Aber es kommt immer auf den einzelnen Menschen an, sein Leid bleibt unerträglich, weshalb die Menschenrechte die Grundlage jeder Weltordnung sein sollten. Sie ist nur scheinbar für Staaten da. In Wahrheit soll sie dazu dienen, den Menschen ein gutes Leben möglich zu machen.
Großbritannien - eine Demokratie greift zur Willkür
Der vierte Termin findet in London statt. Das britische Unterhaus debattiert heute über das Binnenmarktgesetz, mit dem die Regierung einige Regelungen des Austrittsabkommens mit der EU aufheben will. Einseitig, mit einem bewussten Verstoß gegen das Völkerrecht. Hier greift eine Demokratie zur Willkür im Umgang mit anderen Staaten, und das kann die Weltordnung nachhaltig stören.

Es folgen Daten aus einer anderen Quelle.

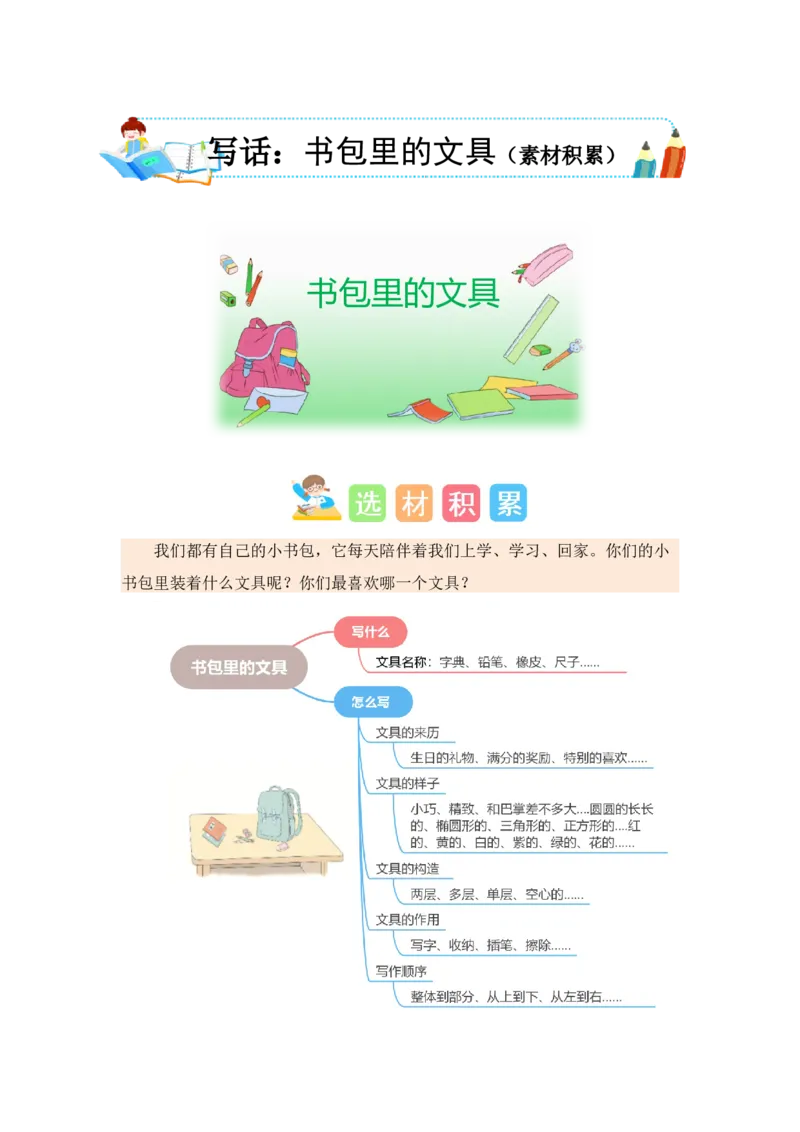 第六单元写话：书包里的文具（素材积累）-（统编版）_一年级语文上册（统编版）_单元写作能力提升_2024新课标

Verträge zwischen Staaten und Organisationen von Staaten halten die Welt zusammen. Sie sind ein Netz der Sicherheit, ein unsichtbares Geflecht, das für Stabilität und Ordnung sorgt. Solche Verträge gibt es seit Tausenden von Jahren, und immer wieder wurden sie mal gebrochen, aber das entschuldigt nichts. Wer einen politischen Vertrag bricht, macht die Welt für alle schlechter, nicht nur für die unmittelbar Betroffenen.
Denn dann werden auch andere sagen: Wenn Großbritannien, eine der ältesten Demokratien der Welt, das Völkerrecht bricht, dann können wir das auch. Das Geflecht bekommt Risse, die Welt verliert Stabilität, weil sich keiner mehr auf den anderen verlässt. Deshalb kann auch Großbritannien langfristig nicht von seinem Vertragsbruch profitieren. Es bleibt ja Teil der Weltordnung, die schlechter geworden ist.
Ein wichtiger Tag also, Montag, der 14. September 2020. Viel wäre erreicht, würde am Ende dieses Tages irgendwo ein kleiner Sieg gegen die Willkür zu vermelden sein.